"It's also good to keep in mind that this is an unpaid hobby project." ~ Lasse Collin, 2022-06-08.
As someone working in security, the fact that _foundational_ pieces of the computing/networking rely on motivated individuals and essentially goodwill is mind blowing.
There are great aspects to the FOSS movement, but the risks – particularly the social engineering aspects as demonstrated here – and potential blast radius of supply chains like this... We take it all for granted and that is lining up to bite us hard, as an industry.

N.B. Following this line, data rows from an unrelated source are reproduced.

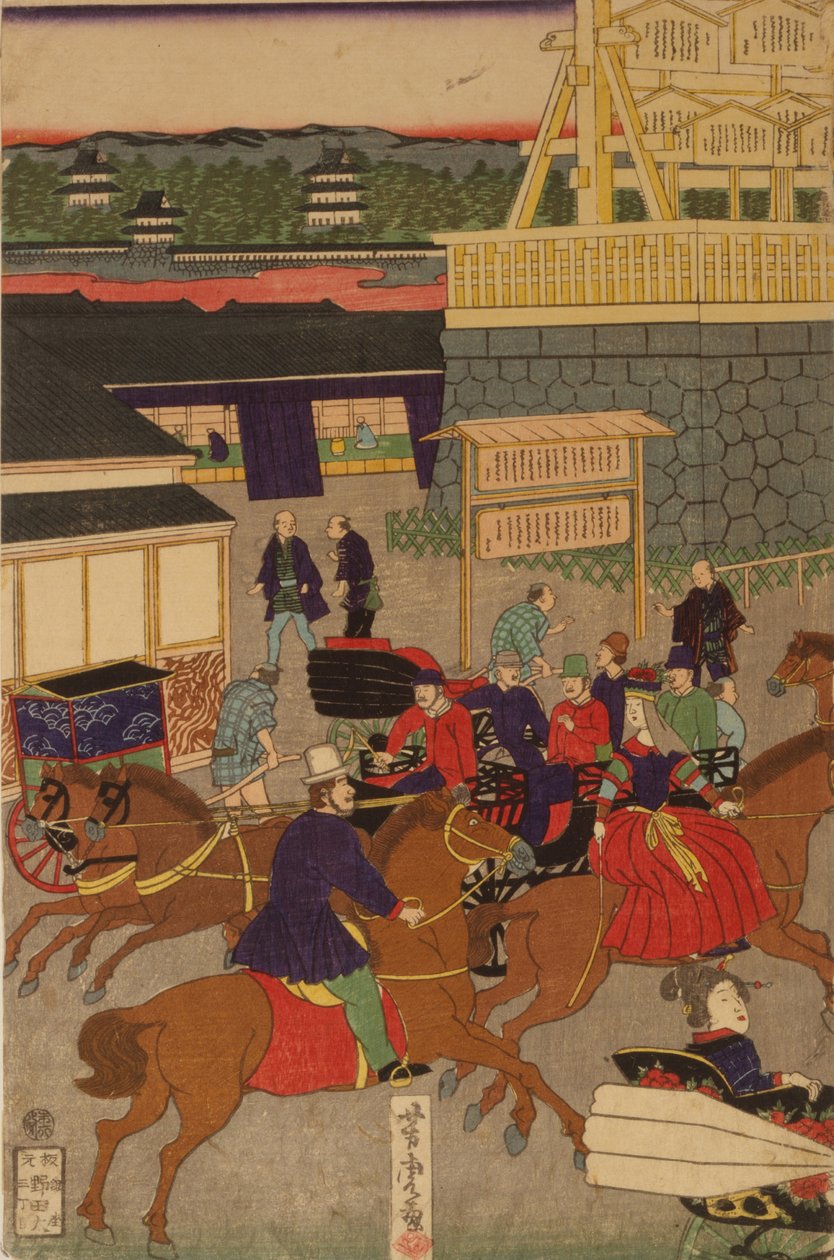Section florissante de Nihonbashi à Tokyo. Tokyo Nihonbashi han ei no zu Triptyque - Utagawa Yoshitora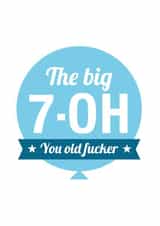 NSFW Birthday Card - 70th created by Cookie Design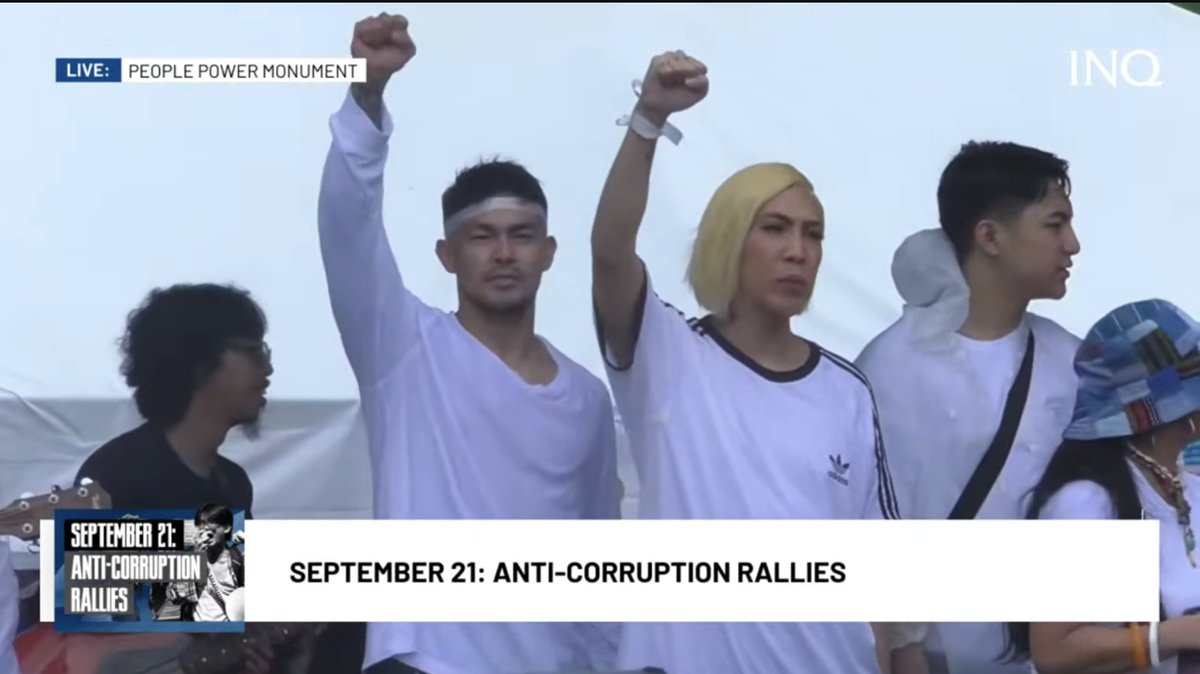 inquirerdotnet's tweet image. LOOK: “It’s Showtime” hosts Vice Ganda, Anne Curtis, Ion Perez and Darren Espanto, alongside Iza Calzado and Jasmin Curtis-Smith are now onstage of the “Trillion Peso March” rally at the EDSA People Power Monument.

· Watch our special coverage here: inqnews.net/Anticorruption…

·…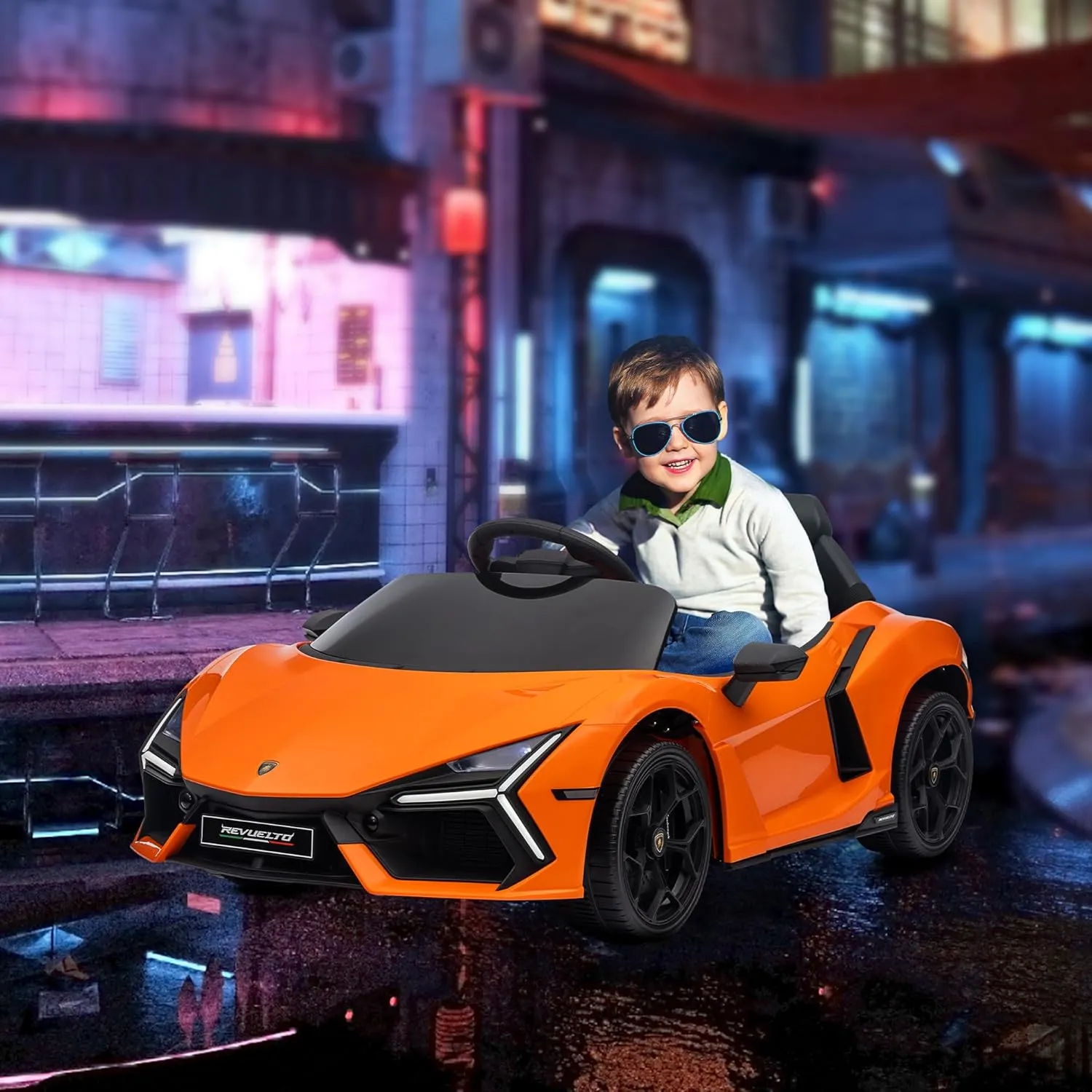 Qaba Lamborghini Revuelto Licensed 12V Kids Electric Car, Battery Powered Ride on Car with Hydraulic Doors, Remote Control, Transport Wheels, Spring Suspension, Music, Lights, 3 Speeds, Orange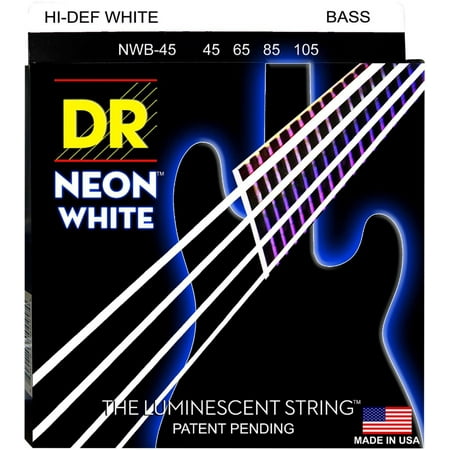 DR Strings Hi-Def NEON White Coated Medium 4-String Bass Strings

Sorta but flawed relevant xkcd: https://xkcd.com/2347/
I don't see how this is any strongly different than some unappreciated skill worker in a corporation. Its interesting the double standard we have for FOSS. Meanwhile in the commercial world, supply chain attacks are commonplace and barely solicit headlines.
Yes, FOSS needs to be able to address these kinds of attacks, but the world runs on the efforts of the low-level few, generally. The percent of people who work to build and maintain core infrastructure has always been small in any economic system. The world is held up by the unsung labor of the anonymous working class. Think of all the people working right now to make sure you have clean water, electricity, sanitation, etc. Its a tiny fraction of the people in your city.
Conversely, why aren't all these corporations who depend on this contributing themselves? Or reaching out? There's a real parasitic aspect here that gets swept under the rug too.
I'd even argue this isn't really a hobby for many, especially for higher profile projects. For many its done for social capital reasons to build up one's reputation which has all sorts of benefits, including corporate advancement, creating connections for startups, etc. Its career adjacent. And that's ignoring all the companies that contribute to FOSS explicitly with on-the-clock staff.
So there are motivators more than just "I'm bored and need a hobby." Its a little dismissive to call FOSS development just a hobby. Is what Linus does a hobby? I don't think most people would think so. Things like this have important social and economic motivators. The hypothetical guy in the comic isn't some weirdo doing something irrationally, but has rational motivators.
I'd also argue that its pretty harmful to FOSS adoption if the community takes on a "well, its a hobby don't expect quality, security, or professionalism." This is a great way to chase people away from FOSS. We can't just say "Oh FOSS is better than much closed software" when things are good, then immaturely reply "its just a dumb hobby, you're dumb for trusting me," when things go south. I think its pretty obvious there's a lot of defensiveness right now and people being protective over their social capital and projects, but I think this path is just the wrong way to go.
Comms, PR, and image management in FOSS is usually bad (see Linus's rage, high profile flame wars, dramatic forkings, ideological battles, etc), so optics here aren't great, because optics is something FOSS struggles with. The community is at best, herding cats, with all manner of big personalities and egos, and its usually a bit of a controlled car crash on the best of days.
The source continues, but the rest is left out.